Why It Took Me So Long to Read Big Magic
And more on permission to continue to learn how to write as a seasoned writer
A client today suggested we have witchy ways because the same moment in time this week in which I decided I should finally read Big Magic by Elizabeth Gilbert, she did too. The book has been mentioned to me, around me, for the last nine years but I couldn’t bear to read it. Every time someone said, “Have you read Big Magic?” I would feel anger. What is it with this Big Magic book? My resistance stemmed from judgement, I’ll admit. Gilbert writes one book Eat Pray Love and now she’s an expert on writing? I discounted her, and didn’t even research her history or who she was. Which is ironic because it is all in Big Magic. I don’t blame myself. The last ten years I have been helping others write as a book coach, I have been in my own struggle of finding what kind of writer I would be. I had done all the stuff - writing alone for weekends, retreating with an idea until it was birthed, tossing away ideas when they didn’t shape. Just in the last two years, I had an article and essay published and I could feel myself start to thaw.
Maybe I am a writer again. Maybe I should know more about creativity again. I had once taken a whole stack of writing books and tossed them. “Fuck you,” I thought. I did all the work, and where am I?
I wanted to be successful and famous as a writer and that was where the problem lay. I had the desire to just be creative and fluid and wandering in the soft grasses and light winds but time had made me think that if it wasn’t going to land me somewhere financially, what was the worth? So my muse waited, knowing I would return. When I listened to Big Magic, I was taken back to a place of wonder with my writing and to write for me, and to understand that I don’t have to be green with envy over Gilbert who wrote books that never were successful. She was not successful in monetary terms until Eat Pray Love and even then, she wrote it for her.
My client this morning was exploring her storytelling, and I was giving her permission to lean into this calling versus writing a book with more annotations, research and footnotes. The smart book versus the heart-driven book. I was in the same tangle with my own current book - thinking I needed the validation of my inspirations with droll drab articles of proof of concepts. Perhaps those are just for us as writers to believe in before we get the invitation to write from what we know from our soul… because we have lived it. We have breathed a life and experiences. We have watched others and let versions of what we have seen take to the page.

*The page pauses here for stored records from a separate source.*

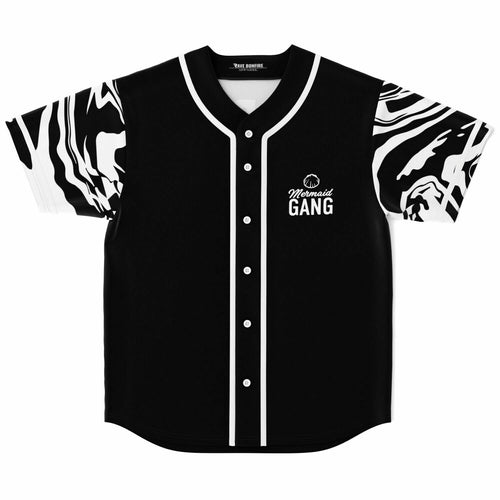 Black Body Rave Baseball Jersey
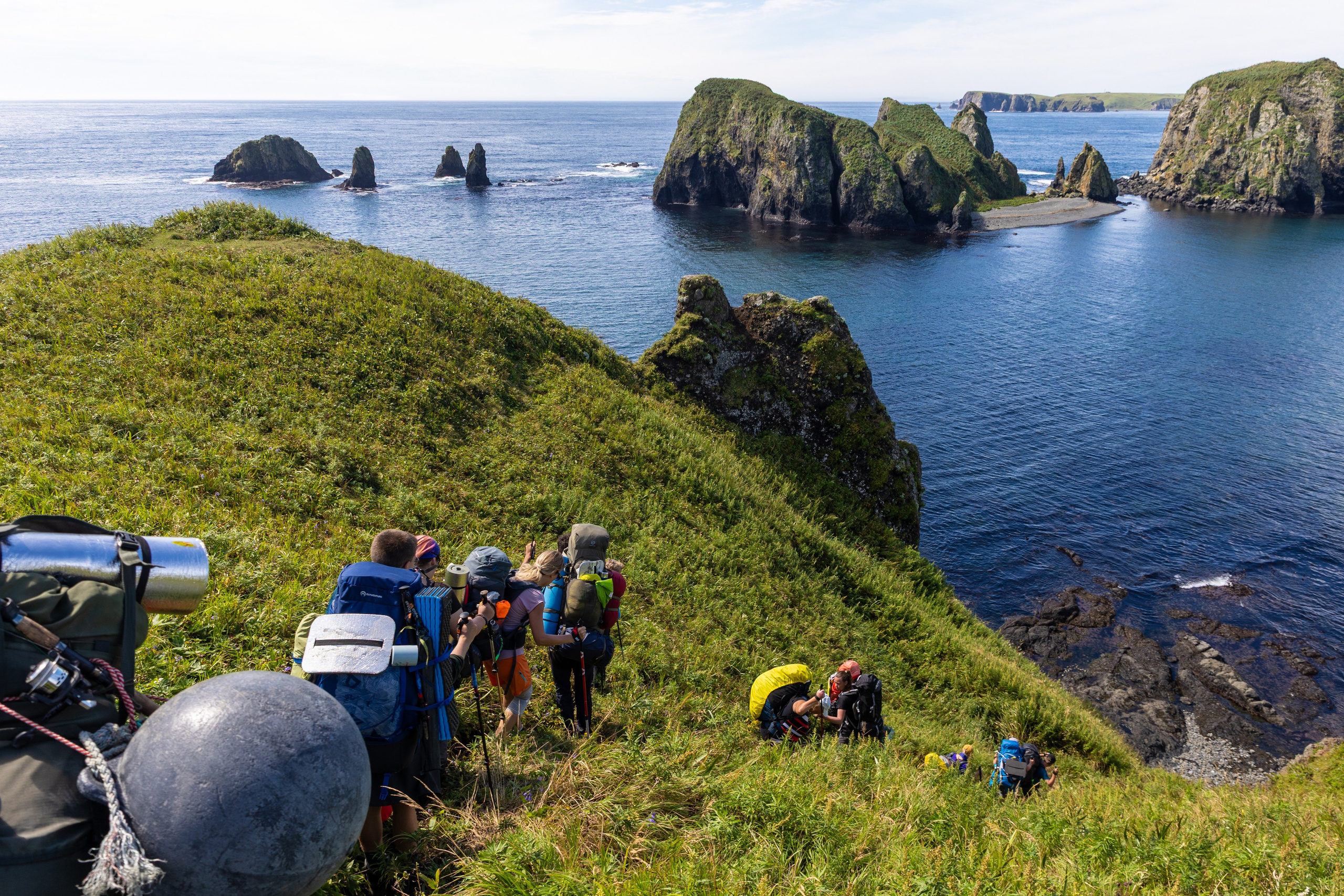 Шикотан. Тревел-фотограф Олег Гуров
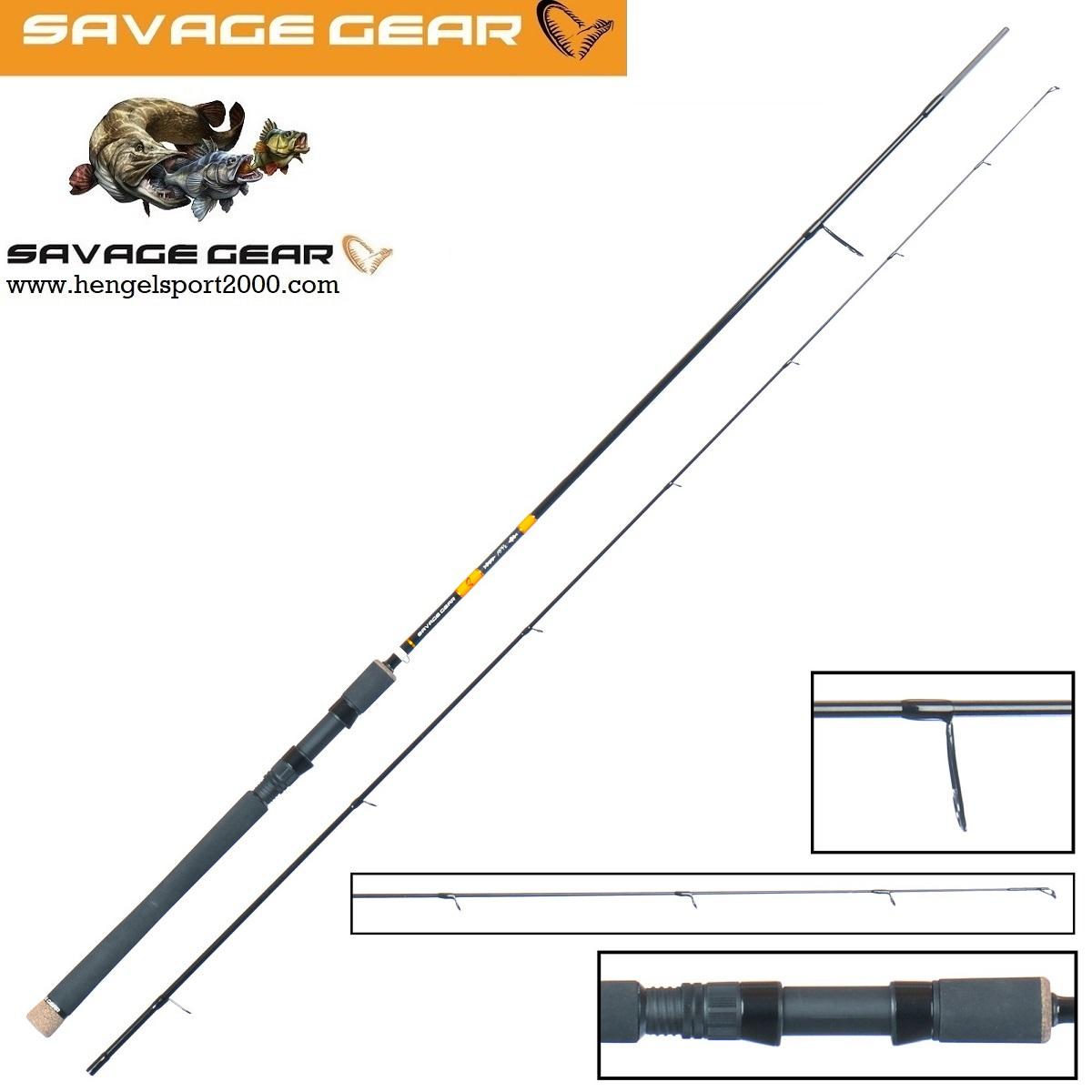 Savage Gear Multi Purpose Predator2 Spin 198 cm 12 - 35 gram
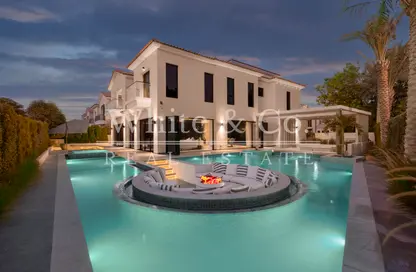 Villa - 6 Bedrooms - 7 Bathrooms for sale in The Sundials - Earth - Jumeirah Golf Estates - Dubai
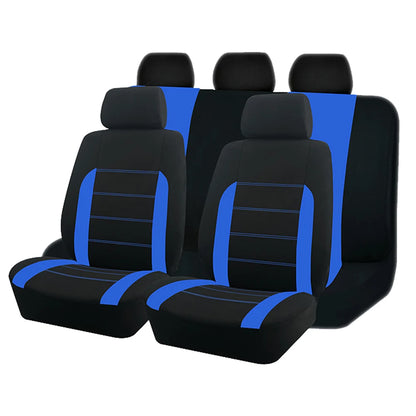 AUTOKING Universal Fabric Car Seat Covers Fit For Most Car SUV Truck Van Car Accessories Interior Seat Covers Car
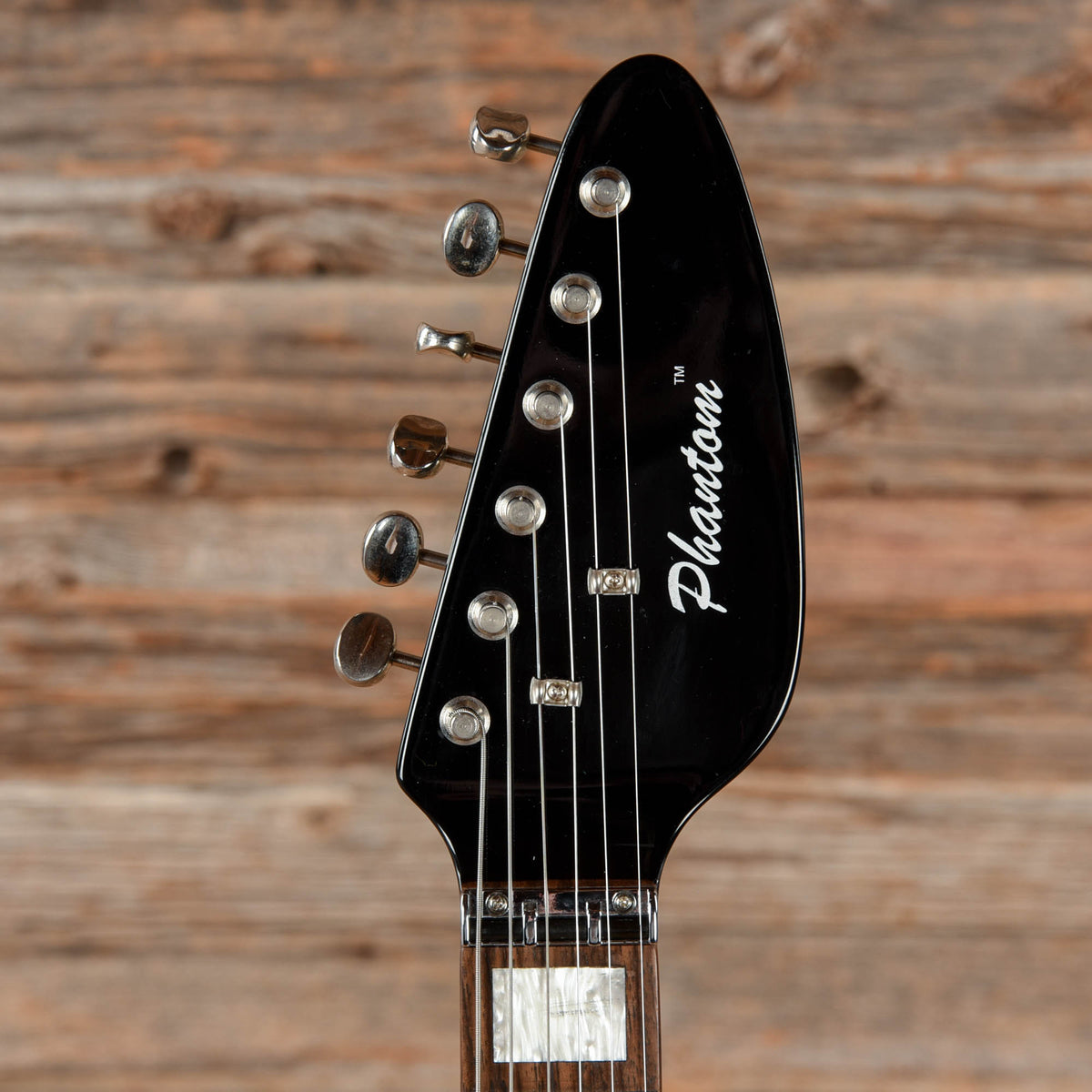 Phantom Guitarworks Phantom Black Electric Guitars / Solid Body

My client suggested I listen to David Whyte’s poem Santiago. “The road seen then not seen. The hillside hiding and revealing which way you should take. The road dropping away from you…” If you listen to his reading, writing feels like a road unknown. Falling forward, then away. Tangled and stretching and tedious and then freeing. Hovering, hoping for an inspiration, while trying to stay close enough to the laptop to catch the moment. I vacillate between wanting to escape by the ocean and also be chained to my desk. The truth is, I want to be able to have the full expression of mourning ideas that must go, and celebrating ones that pop! I dabble in the comedic, the dark, the raunchy and the hopelessly romantic.